INPUT MATERIAL →
---
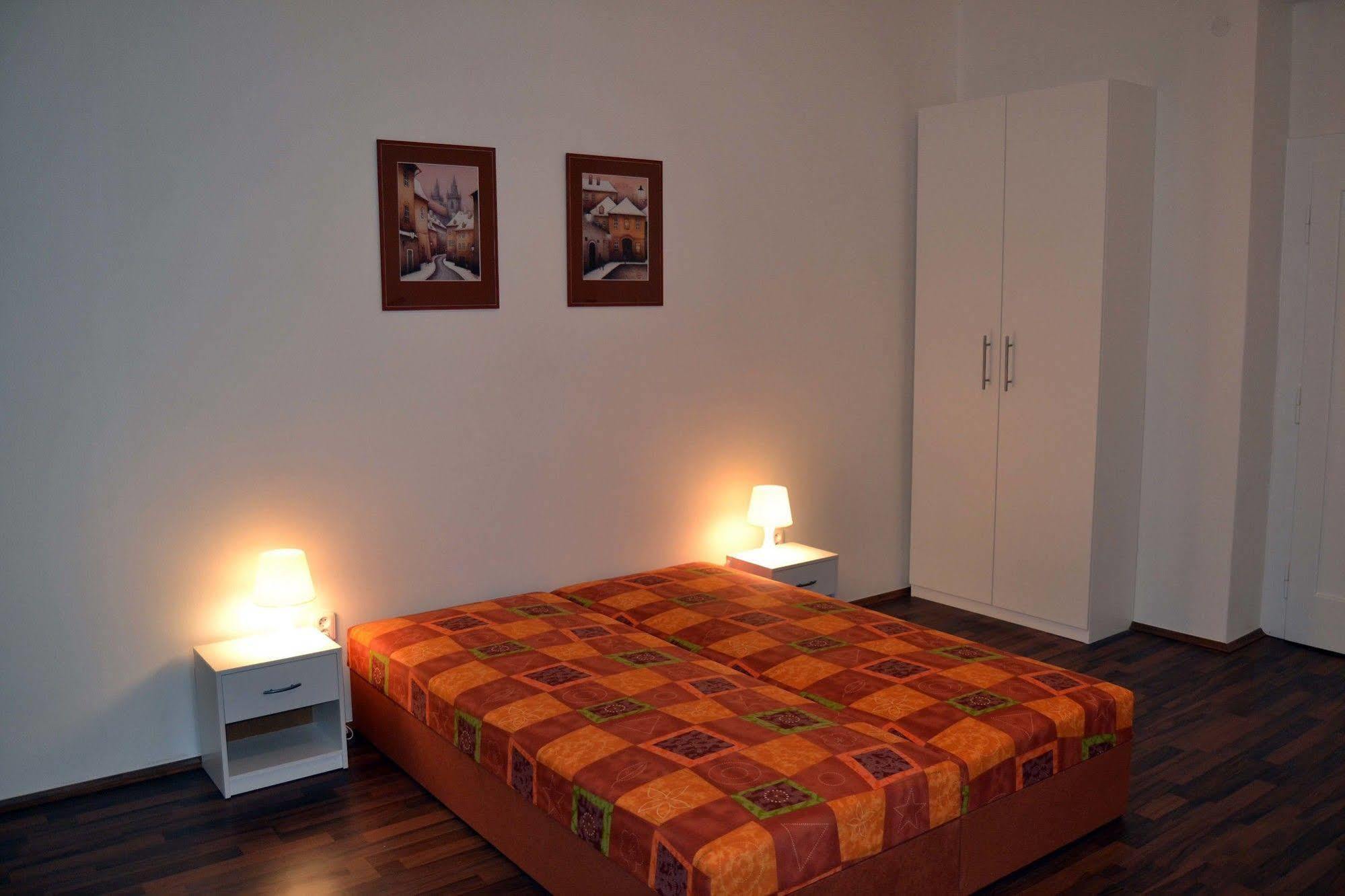 Jezerka Apartments Prague Ngoại thất bức ảnh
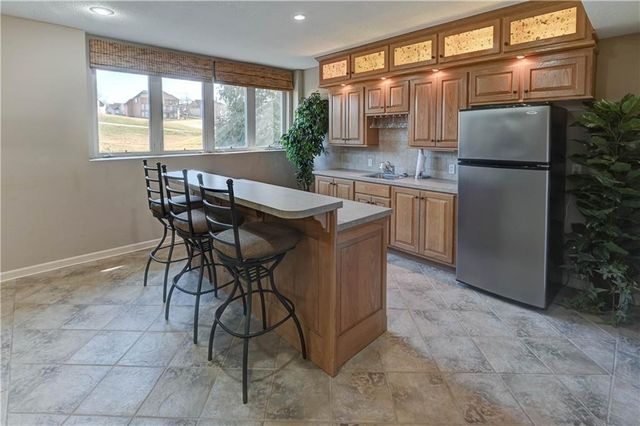 9625 CAILLER Drive, Lenexa, KS 66220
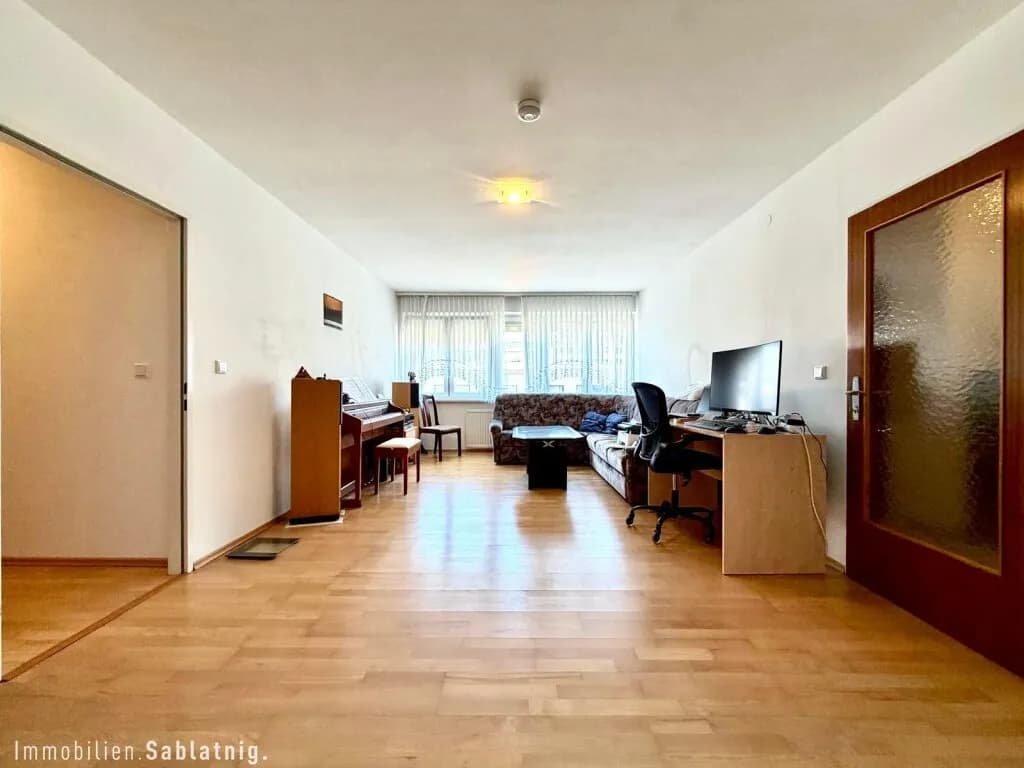 3-Zimmer-Wohnung kaufen in Wien – 73 m², € 240.000 – Bild 1 von 15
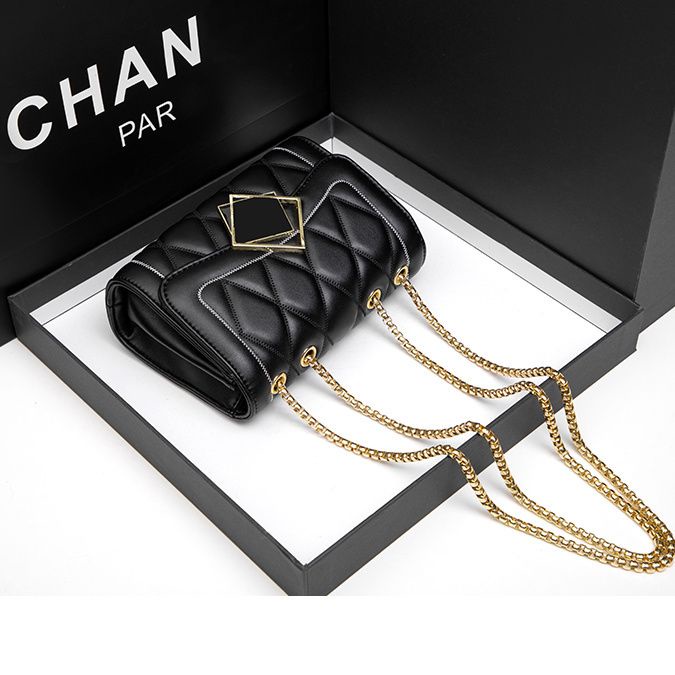 Túi Đeo Chéo Da Cừu Thật Đính Đá Phối Dây Xích Thời Trang Cho Nữ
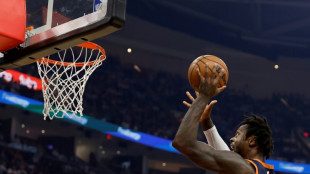 Knicks down Cavaliers to advance in NBA playoffs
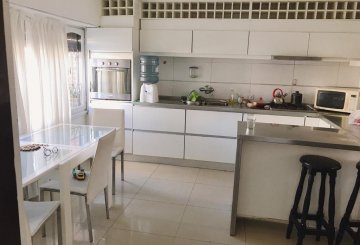 En Mar del Plata, Departamento en Venta · dueño directo · 4 o más dorm · 290 m² de lote - Imagen 3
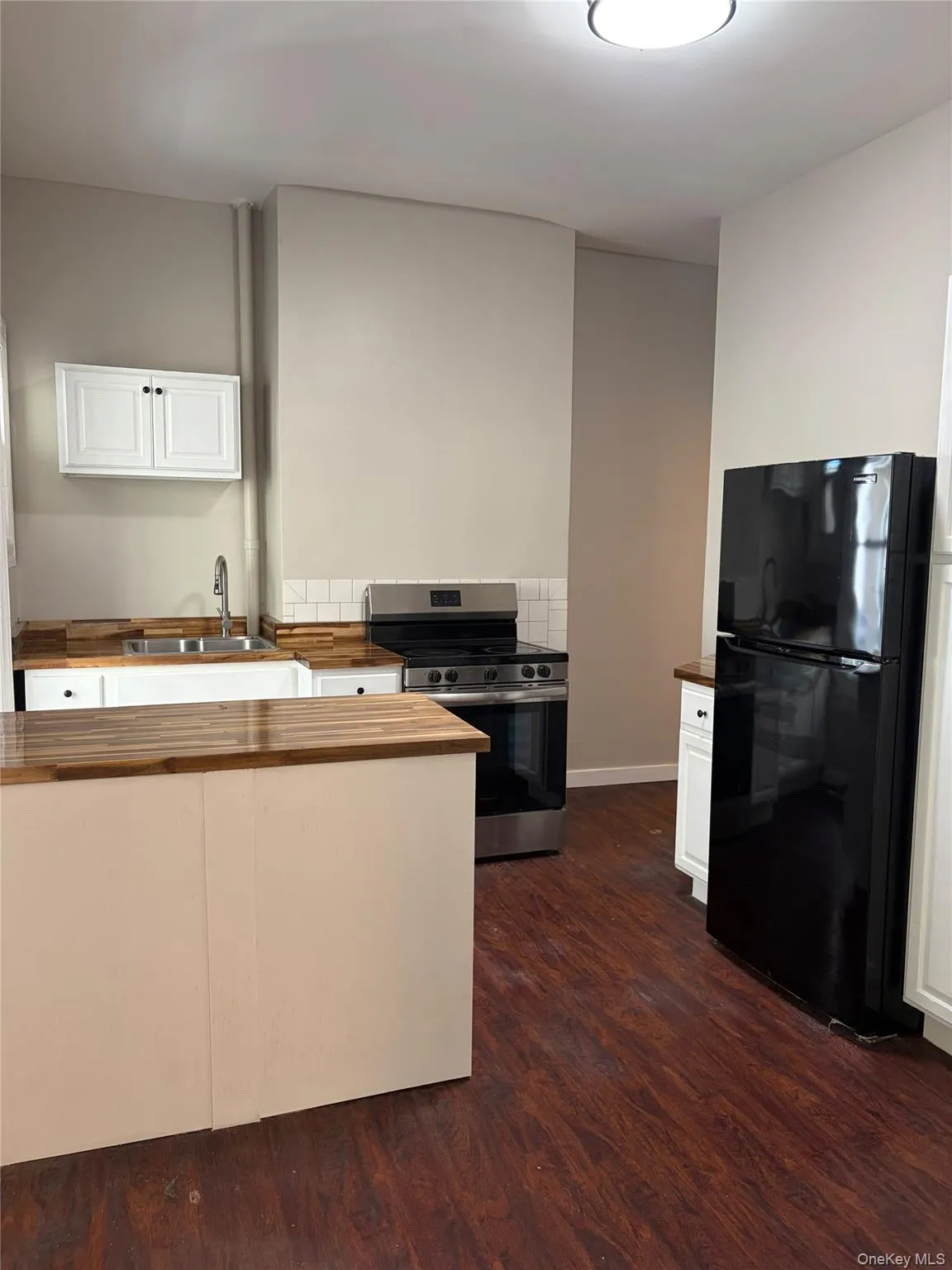 94 Garden Street, Poughkeepsie, NY, 3 Bedrooms Bedrooms, 6 Rooms Rooms,1 BathroomBathrooms,Residential Lease,For Rent,Garden,0,1050068 94 Garden Street, Poughkeepsie, NY, 3 Bedrooms Bedrooms, 6 Rooms Rooms,1 BathroomBathrooms,Residential Lease,For Rent,Garden,0,1050068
---
PROBLEM DESCRIPTION → Only the lines from the line holding "Knicks down Cavaliers" through the last line above belong in the answer, repeated exactly; the pictures do not.

FINISHED TASK →
 Knicks down Cavaliers to advance in NBA playoffs
 En Mar del Plata, Departamento en Venta · dueño directo · 4 o más dorm · 290 m² de lote - Imagen 3
 94 Garden Street, Poughkeepsie, NY, 3 Bedrooms Bedrooms, 6 Rooms Rooms,1 BathroomBathrooms,Residential Lease,For Rent,Garden,0,1050068 94 Garden Street, Poughkeepsie, NY, 3 Bedrooms Bedrooms, 6 Rooms Rooms,1 BathroomBathrooms,Residential Lease,For Rent,Garden,0,1050068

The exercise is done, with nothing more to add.